When you see something that touches you so much, just stop and spend a moment to enjoy it.
As a tourist, the entrance to the mines will surprise you. But, as in anywhere in Turkey, you will first be surprised by the men at the entrance. It does not matter if you are guilty or not; you feel guilty as someone stops you to ask for your credentials. If you do not have something to give them just turn around and leave. The “gate” people are a different kind of people. If you manage to get in, then another world opens up in front of your eyes. With an entrance just big enough to let one small truck through to access the main road system in the mine, the roads inside are incredible: tunnels as big as the underground in Istanbul, Ankara or Bursa, side paths that lead you to another salt vein and at a certain spot people who are drilling big deep holes in the salt.

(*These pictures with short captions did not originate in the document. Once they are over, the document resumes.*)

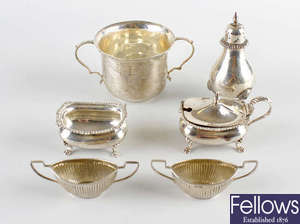A selection of late Victorian and Edwardian condiments and silver items. 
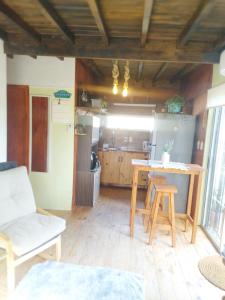 a living room with a table and a kitchen at Hermosa Cabaña romantica, bosque, lago y mar in El Pinar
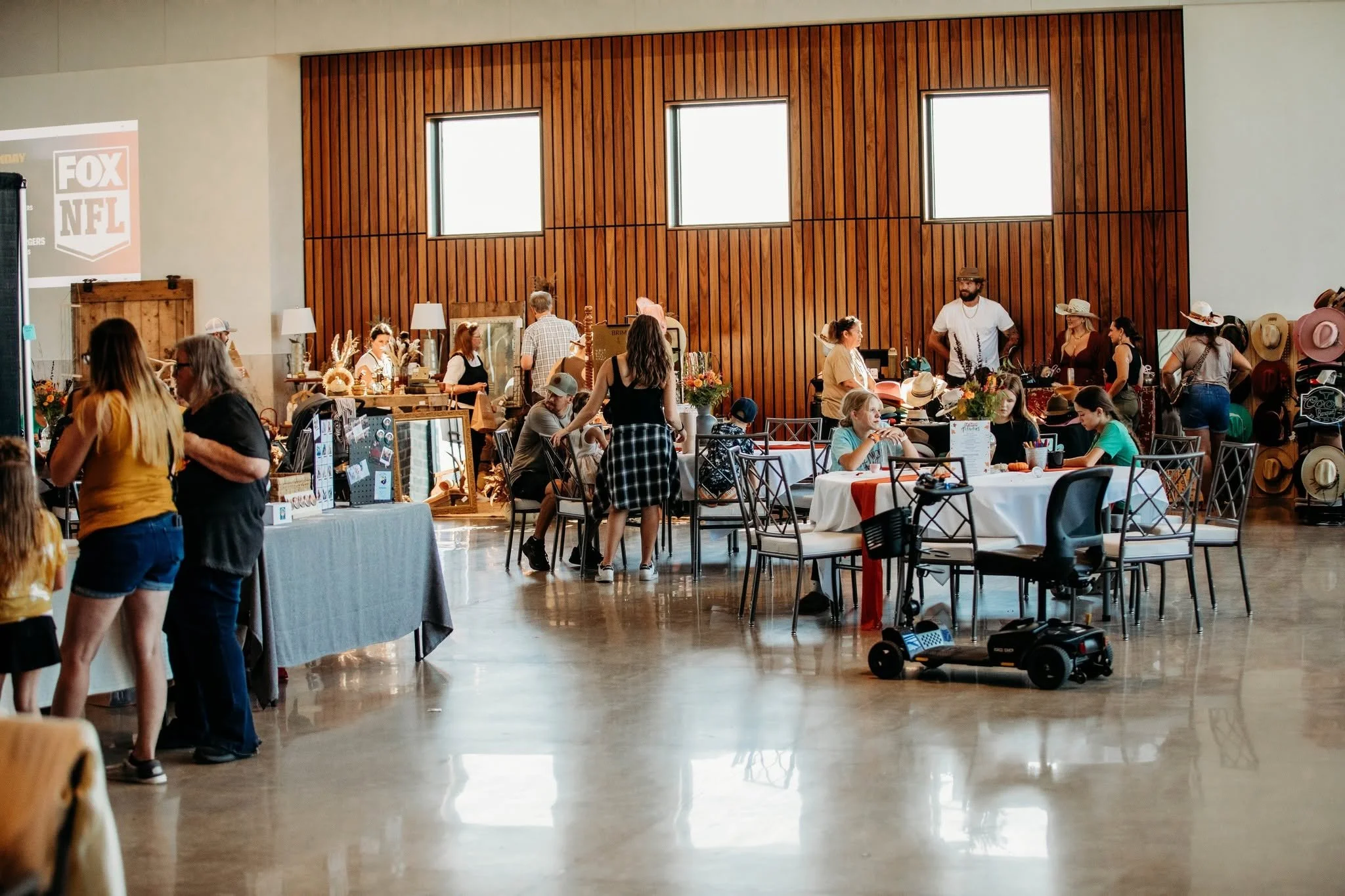 Indoor event space with people browsing vendor booths, some sitting at tables, wooden wall with large windows, and a vending machine.
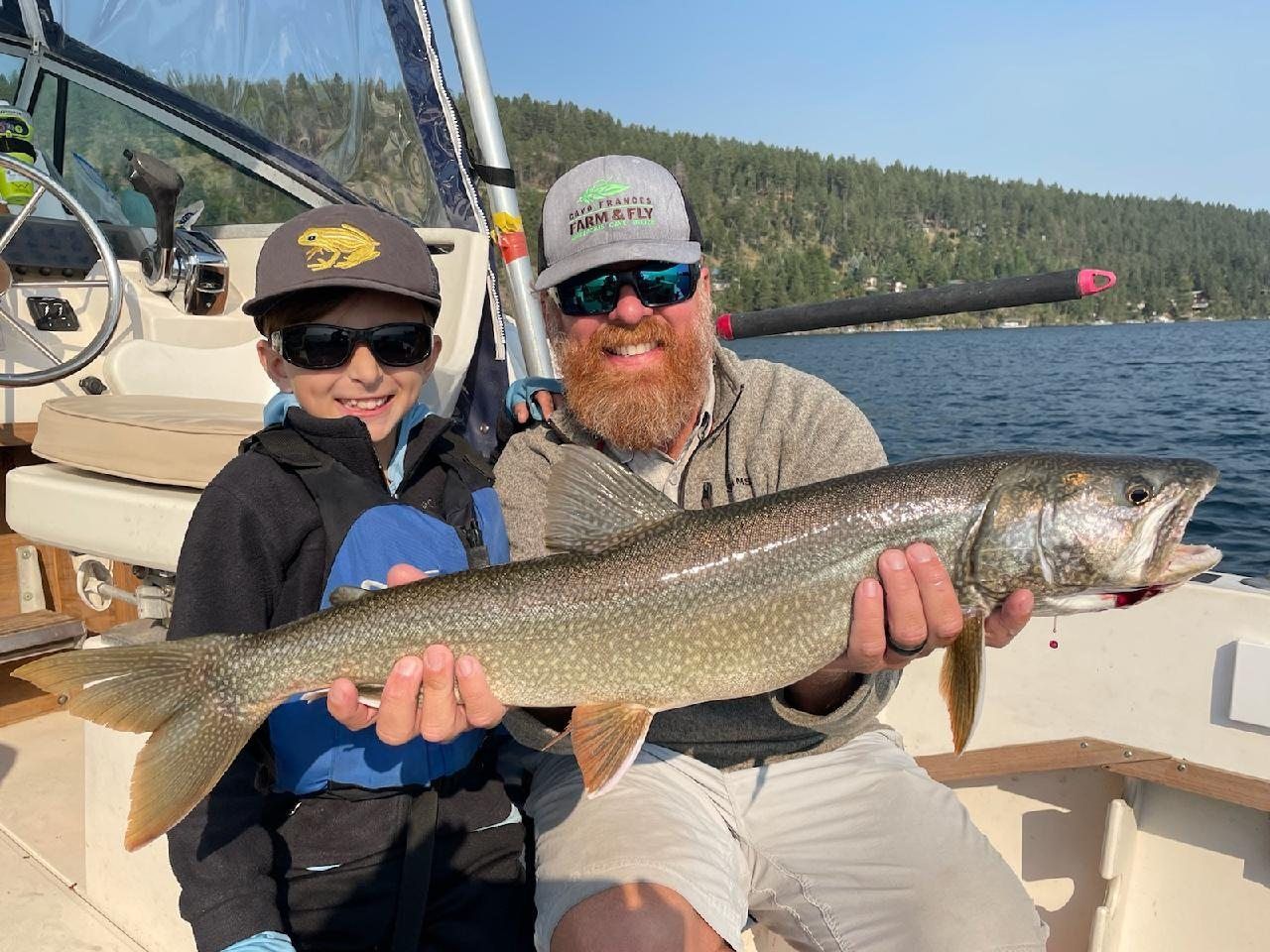 A man and a boy are sitting on a boat holding a large fish.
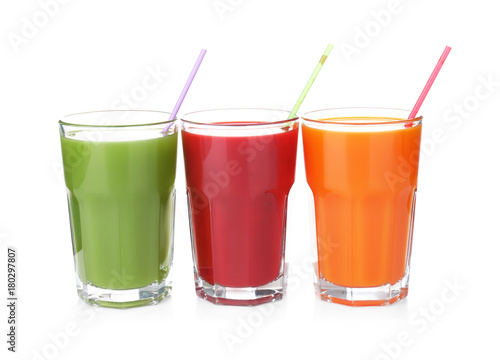 Glasses with various fresh juices on white background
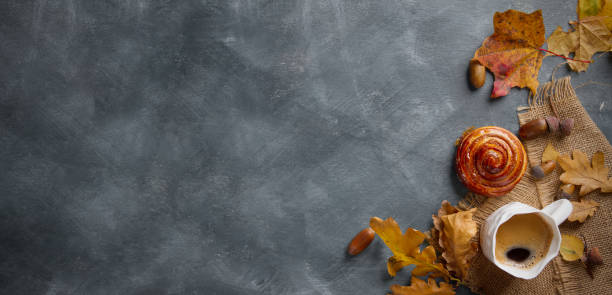 istock Hot coffee in mug with cinnamon bun and autumn leaf 844091880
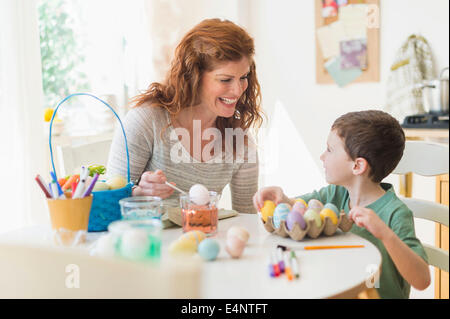 Mutter und Sohn (6-7) bemalen von Ostereiern Stockfoto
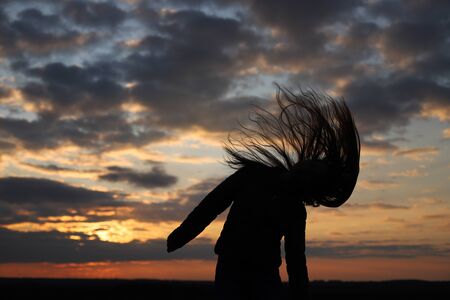 The silhouette of a young girl feels happy and shakes her head. The moment of sunset. Long hair loose. Shadow of a girl on a sunset background.の写真素材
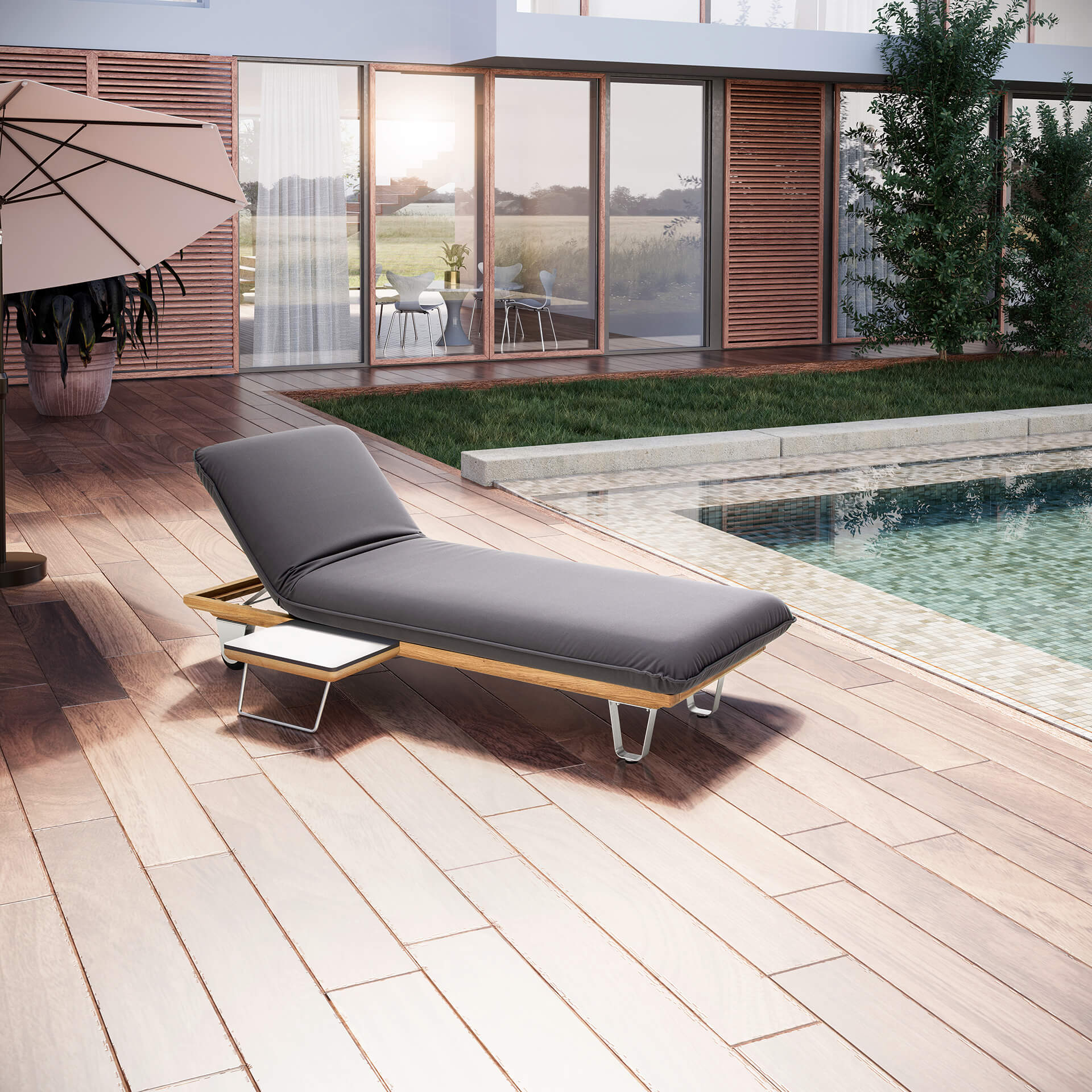 Das Bild zeigt das JOKA Butterfly Sunbed (Einzelliege) in dunklem Grau auf einer Holzterrasse im Freien, platziert neben einem Pool. Das Kopfteil ist in eine Relaxposition hochgeklappt, und an der Seite befindet sich ein kleiner, integrierter Tisch. Im Hintergrund sind ein großer Sonnenschirm, eine moderne Hausfassade mit Glasfronten und grüne Pflanzen zu sehen.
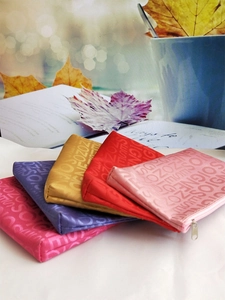 Close-up of four colorful SOIGNE OZ jacquard pouches with premium silk sheen and zippers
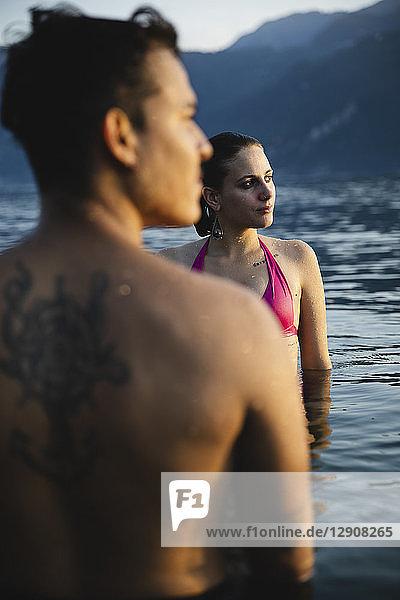 Young couple in a lake at sunset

I am “underwater” now. Millions of years ago this place was a sea. I walked on the bottom of the sea in Beşkonak, Antalya, with its strange rock formations, and here, in Çankırı, I am walking inside the salt of the sea. It is an incredible feeling, meters and meters of salt, how many trillion gallons of seawater have evaporated here? Meters of salt buried underground and covered with a lovely, sweet blanket of green.
Once you are inside the mine, the space opens up. A tunnel lies in front of you; big enough for three or four trucks to drive in at the same time. As far as your eye can see this tunnel continues. A black wall stretches out for kilometers but do not be fooled; everything you see here is salt. Some people are drilling holes with enormous drills. It takes at least two or three people to drill one hole. When the whole wall resembles Swiss cheese they fill the holes with dynamite and simply blow away that part of the wall. Big bulldozers pick up the pieces of salt and put them on a truck. When the truck is loaded it drives to the refinery where the salt will be purified.
In one of the smaller tunnels I see a couple of animals that had not been very lucky during their stay at the salt mine. They died and became mummified. The tunnel gets smaller and smaller. Here there is no place for the big trucks; it is hard for me to walk. This is one of the oldest parts of the salt mine and shows me how difficult it must have been to work here hundreds of years ago. In another part of the mine I see a structure that is a cross between the natural structures of Cappadocia and a big cave with its stalactites and stalagmites. All the shapes are different, and it is difficult to see this all as just salt.